No Change in Australian Monetary Policy

May 5, 2009

The Reserve Bank of Australia left its cash rate at 3.0%.  While meeting consensus expectations, investors also took note of a surprisingly upbeat and ambivalent statement.  In such, officials spoke of more stable world financial markets, noting rising equities and declining term spreads.  While reiterating that Australia has been in a recession since the latter part of 2008, the statement also observes rising mortgage credit demand, much lower debt service burdens, recovering Chinese growth, firmer commodity prices and considerable policy stimulus in the pipeline whose impact has yet to be felt.

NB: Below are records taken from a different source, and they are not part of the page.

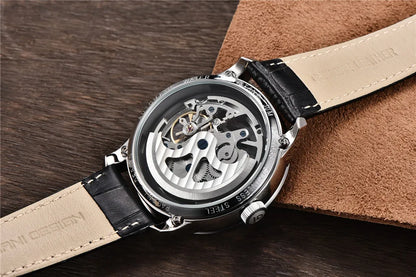 PAGANI DESIGN Új, csontvázszerkezetű férfi mechanikus karórák – csúcsminőségű luxus automata karórák férfiaknak, kék bőr szíjjal, vízálló karóra férfiaknak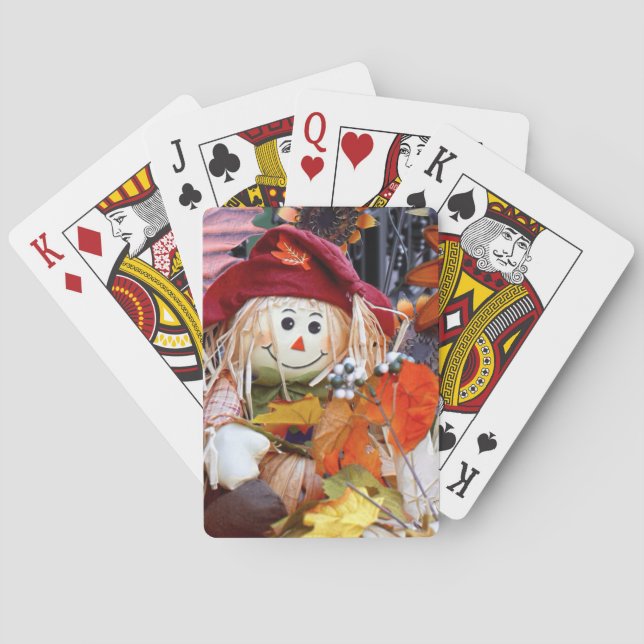 Thanksgiving Rag Doll Amongst Autumn Harvest Scene Playing Cards (Back)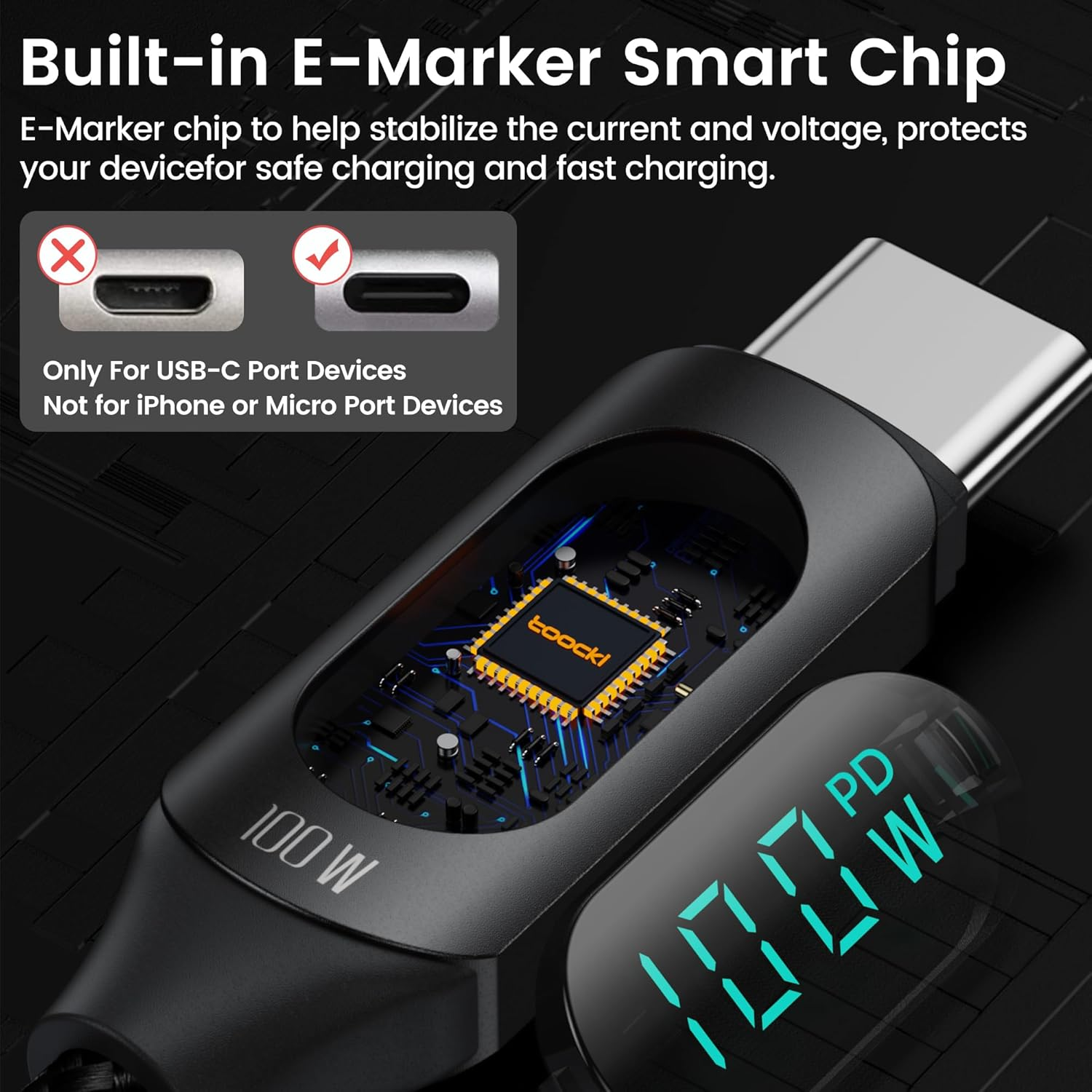 100W USB C to USB C Cable, 1M 2 Pack 5A Fast Charging PD QC5.0 with LED Display,Compatible with Iphone 17 Pro Max/16/16 Pro Max Macbook Ipad Air Galaxy S24 S23, Black image number 3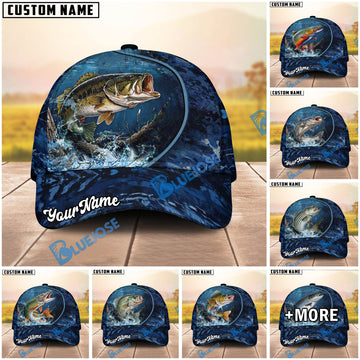 BlueJose Fishing Underwater River Scene Design Personalized Cap (13 Breeds)
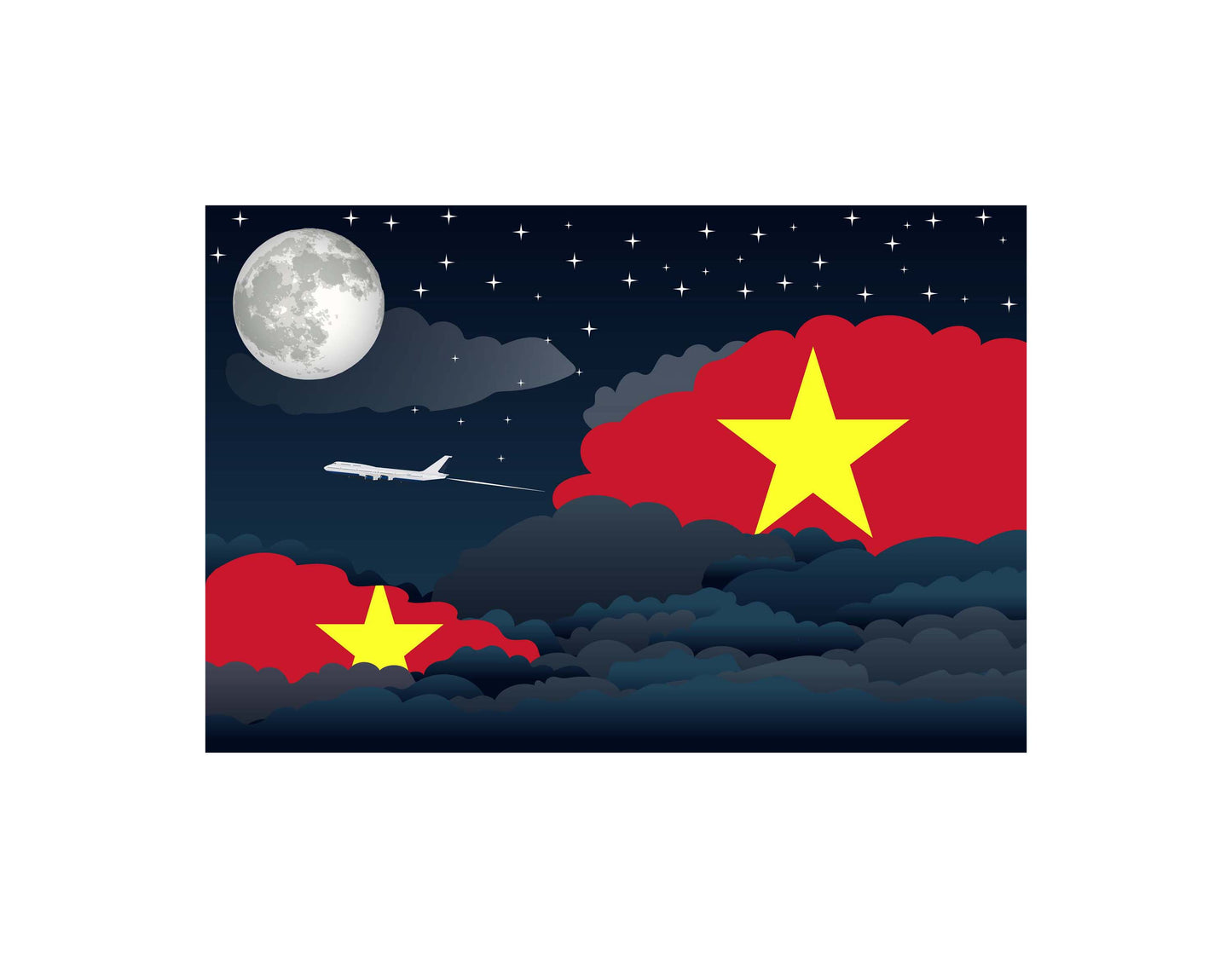 Vietnam Night Clouds Blanket Throw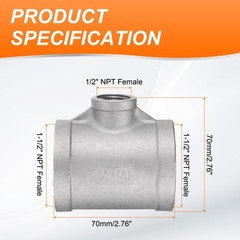 Tee Pipe Fitting (1/2″ x 1-1/2″ x 1-1/2″) NPT Female Reducer 3 Way T-Connector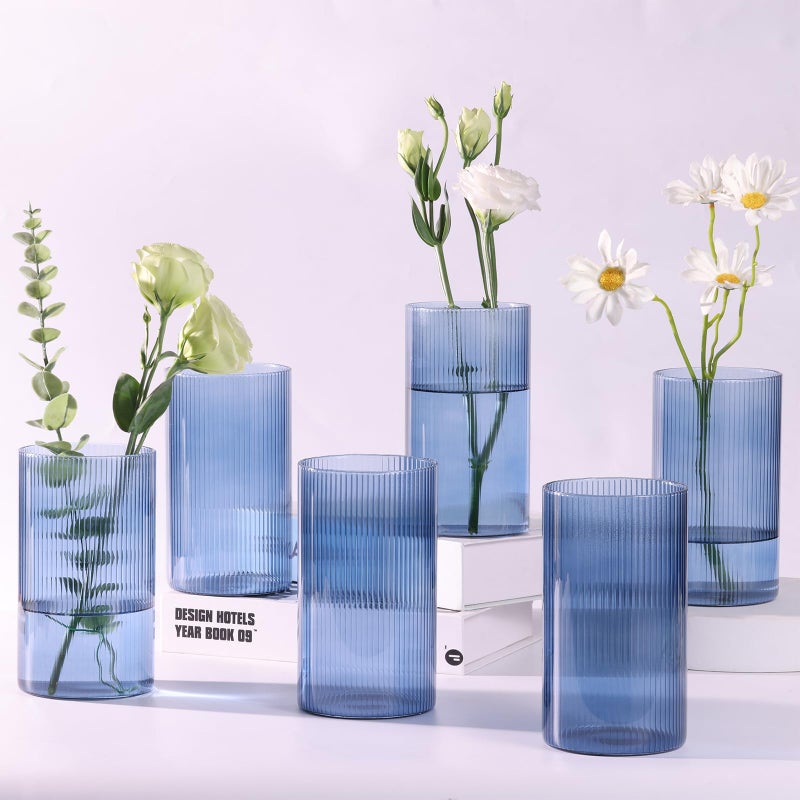 TripodBird Glass Cylinder Vases, Bud Vase for Wedding Centerpieces, 6 Inch Tall Ribbed Vase Hurricane Floating Candle Holder, Decorative Flower Vases for Wedding Reception, Home Decor, Housewarming Gift (Blue) - Image 1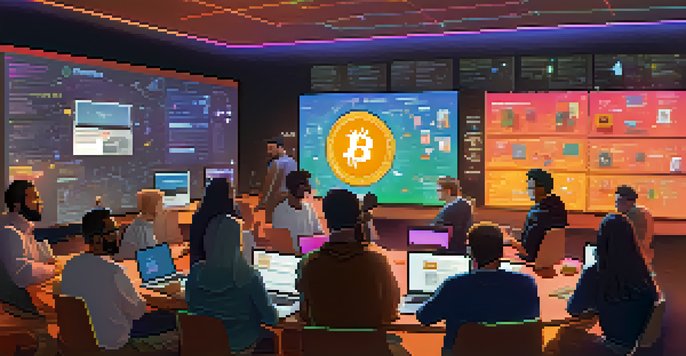 A digital forum with people discussing Bitcoin, surrounded by colorful decorations and computer screens.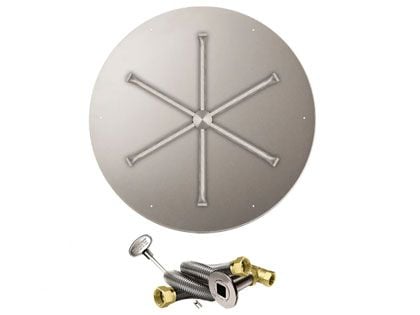 Firegear Fire Pit Burner Kit with Round Flat Pan & Stainless Steel Burning Spur - Match Light Ignition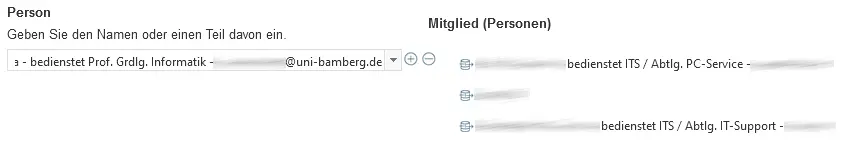 Abschnitt des Formulars "Sicherheitsgruppen": Mitglieder hinzufügen oder entfernen 
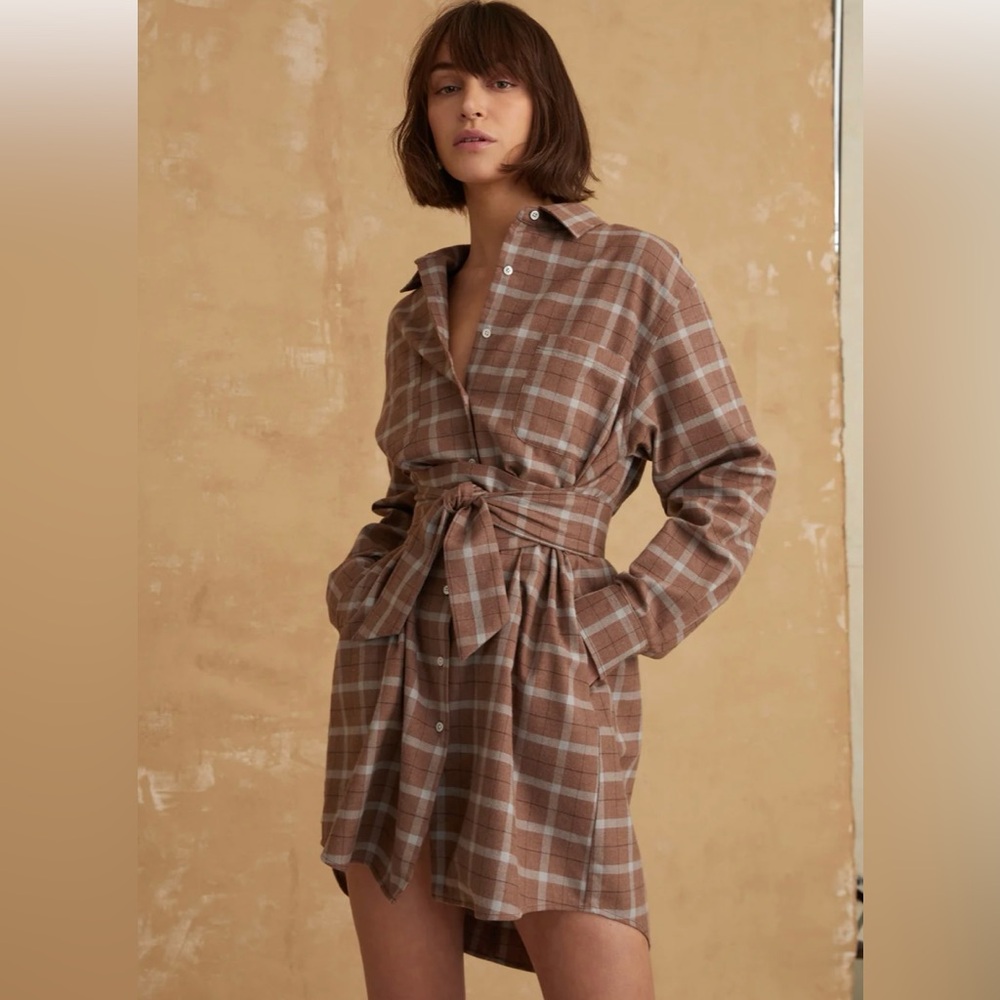 NWT Marissa Webb Tan Plaid Brett Mini Dress Sz XS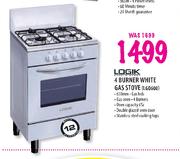Logik 4 Burner White Gas Stove-LG0600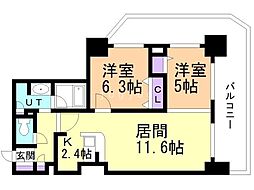 PRIMEURBAN札幌リバーフロント 2LDKの間取図画像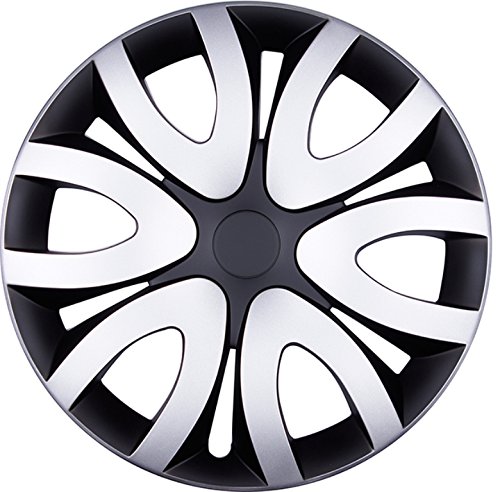 Premium Radkappen Radzierblenden Radblenden 'Modell: Mika' 4er Set, Farbe:Silber-Schwarz, Felgendurchmesser:16 Zoll von TFS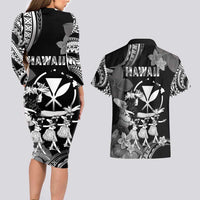 Hawaii Beautiful Hula Dancers Couples Matching Long Sleeve Bodycon Dress and Hawaiian Shirt With Ipu Keke And Pahu Drum LT05 - Polynesian Pride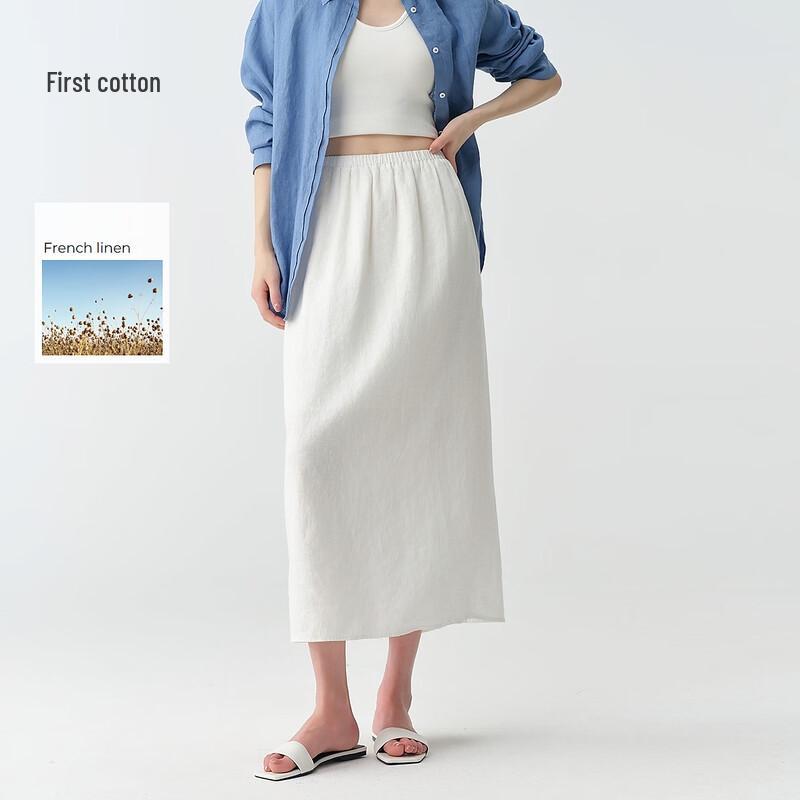 Chumian French Linen Midi Skirt S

Officials hint that inflation has not abated quite as quickly as they might have hoped.  The statement doesn’t rule out additional rate cuts in the future, calling continuing progress “in restoring balance sheets essential to durable recovery,” but no signal is given that further rate rate relief will be needed or when such might be undertaken.  Left with the impression that rates cuts are neither guaranteed nor imminent, investors bid the Aussie dollar higher and pushed 10-year Australian bond yields above 5.0% for the first time in a half-year.

Previously, officials cut the cash rate by 425 basis points from 7.25% in six steps: 25 bps on September 2, 100 bps on October 7, 75 bps on November 4, 100 bps each on December 2 and February 3 (with no meeting in January), and 25 bps on April 7.